Data for review Block Start

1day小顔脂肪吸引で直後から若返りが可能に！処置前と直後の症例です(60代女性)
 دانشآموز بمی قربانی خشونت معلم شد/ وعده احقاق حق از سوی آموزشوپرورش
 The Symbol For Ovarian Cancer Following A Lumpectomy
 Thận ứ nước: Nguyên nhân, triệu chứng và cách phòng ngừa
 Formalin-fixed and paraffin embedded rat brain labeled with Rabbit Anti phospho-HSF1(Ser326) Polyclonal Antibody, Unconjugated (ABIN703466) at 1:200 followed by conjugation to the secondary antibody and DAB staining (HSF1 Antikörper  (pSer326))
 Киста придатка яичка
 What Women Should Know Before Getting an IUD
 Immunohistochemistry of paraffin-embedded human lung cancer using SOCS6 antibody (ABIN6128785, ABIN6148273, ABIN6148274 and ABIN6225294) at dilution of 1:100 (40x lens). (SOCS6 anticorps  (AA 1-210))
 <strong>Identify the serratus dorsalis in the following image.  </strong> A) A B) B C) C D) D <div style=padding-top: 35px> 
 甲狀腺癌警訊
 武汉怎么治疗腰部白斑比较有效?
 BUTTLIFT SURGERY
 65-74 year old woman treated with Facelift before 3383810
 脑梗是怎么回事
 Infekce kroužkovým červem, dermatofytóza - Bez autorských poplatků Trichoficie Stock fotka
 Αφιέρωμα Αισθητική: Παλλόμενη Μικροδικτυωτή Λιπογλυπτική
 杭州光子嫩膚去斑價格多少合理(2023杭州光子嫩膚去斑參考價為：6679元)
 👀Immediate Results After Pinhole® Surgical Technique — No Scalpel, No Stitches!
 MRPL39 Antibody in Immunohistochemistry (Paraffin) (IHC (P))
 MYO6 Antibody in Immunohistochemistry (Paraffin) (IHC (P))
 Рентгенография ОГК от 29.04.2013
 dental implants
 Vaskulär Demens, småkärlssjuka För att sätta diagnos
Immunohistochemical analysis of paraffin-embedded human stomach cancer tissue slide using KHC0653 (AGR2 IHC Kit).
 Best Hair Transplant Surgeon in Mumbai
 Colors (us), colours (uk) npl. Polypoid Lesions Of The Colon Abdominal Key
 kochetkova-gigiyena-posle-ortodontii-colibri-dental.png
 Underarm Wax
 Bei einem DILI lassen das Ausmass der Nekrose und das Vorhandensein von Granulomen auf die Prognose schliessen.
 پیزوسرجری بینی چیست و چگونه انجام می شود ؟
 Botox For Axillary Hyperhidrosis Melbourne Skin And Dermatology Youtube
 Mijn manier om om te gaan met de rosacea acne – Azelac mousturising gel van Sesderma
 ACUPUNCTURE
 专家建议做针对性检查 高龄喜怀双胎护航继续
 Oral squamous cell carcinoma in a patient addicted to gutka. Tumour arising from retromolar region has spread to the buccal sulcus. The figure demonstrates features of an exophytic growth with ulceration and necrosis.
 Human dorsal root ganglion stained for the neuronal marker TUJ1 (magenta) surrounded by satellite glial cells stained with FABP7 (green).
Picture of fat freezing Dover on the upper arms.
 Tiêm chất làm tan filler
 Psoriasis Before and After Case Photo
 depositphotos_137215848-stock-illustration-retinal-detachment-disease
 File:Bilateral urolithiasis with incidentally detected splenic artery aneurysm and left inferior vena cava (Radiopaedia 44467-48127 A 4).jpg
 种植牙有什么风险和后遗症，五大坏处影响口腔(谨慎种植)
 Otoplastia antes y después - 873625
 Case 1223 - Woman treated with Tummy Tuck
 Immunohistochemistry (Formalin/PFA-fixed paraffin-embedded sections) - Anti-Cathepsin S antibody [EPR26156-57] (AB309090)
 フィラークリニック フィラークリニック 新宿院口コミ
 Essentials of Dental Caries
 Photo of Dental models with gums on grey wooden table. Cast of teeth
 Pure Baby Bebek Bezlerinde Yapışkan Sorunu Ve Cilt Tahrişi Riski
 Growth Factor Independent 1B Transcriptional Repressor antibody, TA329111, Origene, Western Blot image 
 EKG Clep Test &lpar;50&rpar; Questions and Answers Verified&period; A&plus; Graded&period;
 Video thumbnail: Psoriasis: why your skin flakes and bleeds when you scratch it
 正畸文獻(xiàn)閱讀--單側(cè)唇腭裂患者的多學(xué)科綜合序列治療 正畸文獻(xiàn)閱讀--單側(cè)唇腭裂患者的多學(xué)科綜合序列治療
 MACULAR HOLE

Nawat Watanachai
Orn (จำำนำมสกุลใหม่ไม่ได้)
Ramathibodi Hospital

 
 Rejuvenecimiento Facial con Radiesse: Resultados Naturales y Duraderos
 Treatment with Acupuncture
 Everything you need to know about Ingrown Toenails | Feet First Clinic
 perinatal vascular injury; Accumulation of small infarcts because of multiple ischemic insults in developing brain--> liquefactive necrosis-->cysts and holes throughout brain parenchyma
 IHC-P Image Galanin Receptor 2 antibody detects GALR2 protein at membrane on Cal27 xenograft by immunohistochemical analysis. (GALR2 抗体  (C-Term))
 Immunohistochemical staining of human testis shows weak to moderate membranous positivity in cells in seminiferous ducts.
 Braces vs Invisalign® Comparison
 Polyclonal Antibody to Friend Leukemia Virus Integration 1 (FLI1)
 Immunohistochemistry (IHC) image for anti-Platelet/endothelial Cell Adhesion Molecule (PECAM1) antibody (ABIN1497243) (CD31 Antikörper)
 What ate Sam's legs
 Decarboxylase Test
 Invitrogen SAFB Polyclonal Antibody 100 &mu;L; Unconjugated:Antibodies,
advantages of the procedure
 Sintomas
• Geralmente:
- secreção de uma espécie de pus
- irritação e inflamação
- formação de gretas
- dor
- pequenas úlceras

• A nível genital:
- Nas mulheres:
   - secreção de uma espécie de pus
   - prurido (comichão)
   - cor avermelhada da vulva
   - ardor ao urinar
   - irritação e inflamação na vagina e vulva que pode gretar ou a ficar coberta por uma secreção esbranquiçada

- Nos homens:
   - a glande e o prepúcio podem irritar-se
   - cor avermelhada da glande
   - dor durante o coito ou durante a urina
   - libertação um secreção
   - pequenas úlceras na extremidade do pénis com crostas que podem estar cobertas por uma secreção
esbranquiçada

Data for review Block End

### Assigned task
Your answer should consist of the lines of the listing that contain "irritação", copied as they stand.

### Reply
- irritação e inflamação
   - irritação e inflamação na vagina e vulva que pode gretar ou a ficar coberta por uma secreção esbranquiçada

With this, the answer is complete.